Luego el frío se fue y el clima permaneció cálido. De pronto, algo les pasó a mis ojos. Dolores de cabeza, y el mundo diluyéndose poco a poco. Los rostros de mis padres se tensaron. Mi madre me llevó al médico, un hombre pelado y jovial que me miró los ojos con un instrumento brillante. ¿Podía ver las ideas en mi cabeza? «Muy bien, jovencita, lees mucho, ¿no es cierto? No hay muchas niñas de tu edad que lean tanto. Anteojos para ti, querida. Para que los uses todo el tiempo. Y asegúrate especialmente de tenerlos puestos al leer y escribir. A menos que quieras continuar esforzando tus hermosos ojos azules y termines chocándote contra las paredes. ¿Eso es lo que queremos?».

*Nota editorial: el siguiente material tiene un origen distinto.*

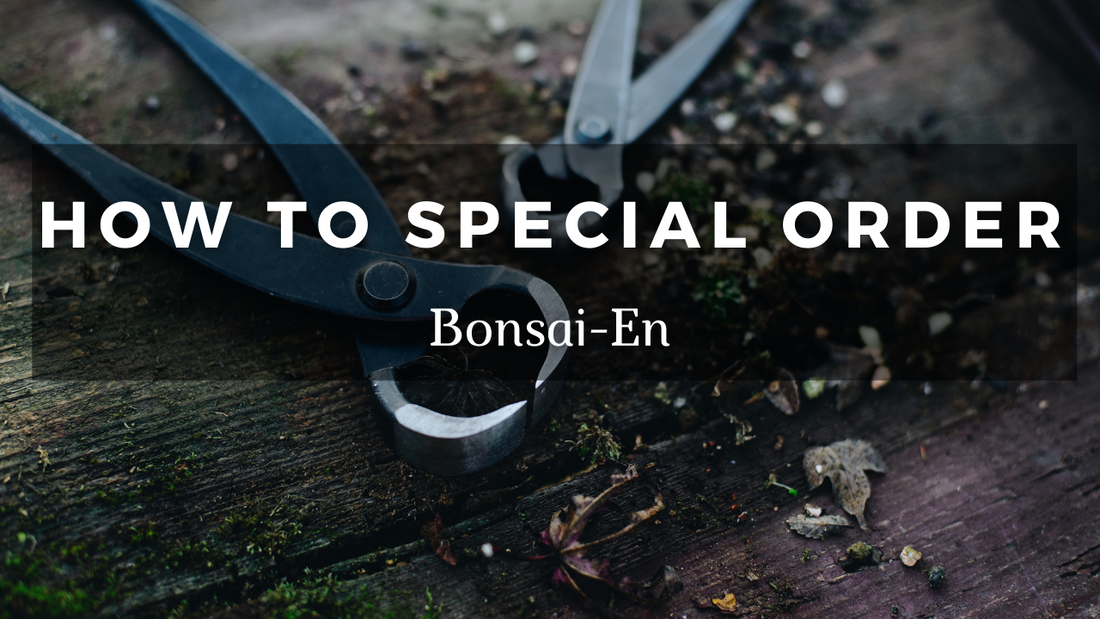 Special Order Items – Bonsai-En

Mis padres se sintieron aliviados cuando les dijeron que lo que necesitaba para mis ojos eran anteojos. Las lentes eran finas, montadas en marcos metálicos dorados. Cuando me los puse, el mundo adquirió una claridad sorprendente. Veía a la gente y los objetos con el contorno nítido: los chicos que holgazaneaban bajo el farol de la calle en frente de nuestro departamento y me gritaban cuando pasaba; los dueños del mercadito y del lavadero y de la tienda de dulces en nuestra manzana; las caras cansadas de los hombres y las mujeres; los titulares de los diarios en el quiosco de la esquina; el polvo que volaba sobre las calles; la foto de la playa y los caballos en el cuarto de mis padres; los libros y las revistas sobre España que mi padre traía a casa.
Los días se hicieron más largos. Un día de fines de abril, el diario envió a mi padre a Boston. Esa noche me acosté a leer un libro para niños sobre España. Miré las imágenes de largos valles y montañas bañados por el sol y anchos ríos, y pueblitos en las colinas y castillos moriscos. Me gustaban en particular las fotos de los castillos.
Más tarde, dormida, escuché levemente desde una esquina de mi cuarto la voz sibilante de Baba Yaga. Hija mía, hija mía, ven a mí. Ven. ¿Por qué tienes miedo? ¿Cómo podría lastimarte? Soy una anciana.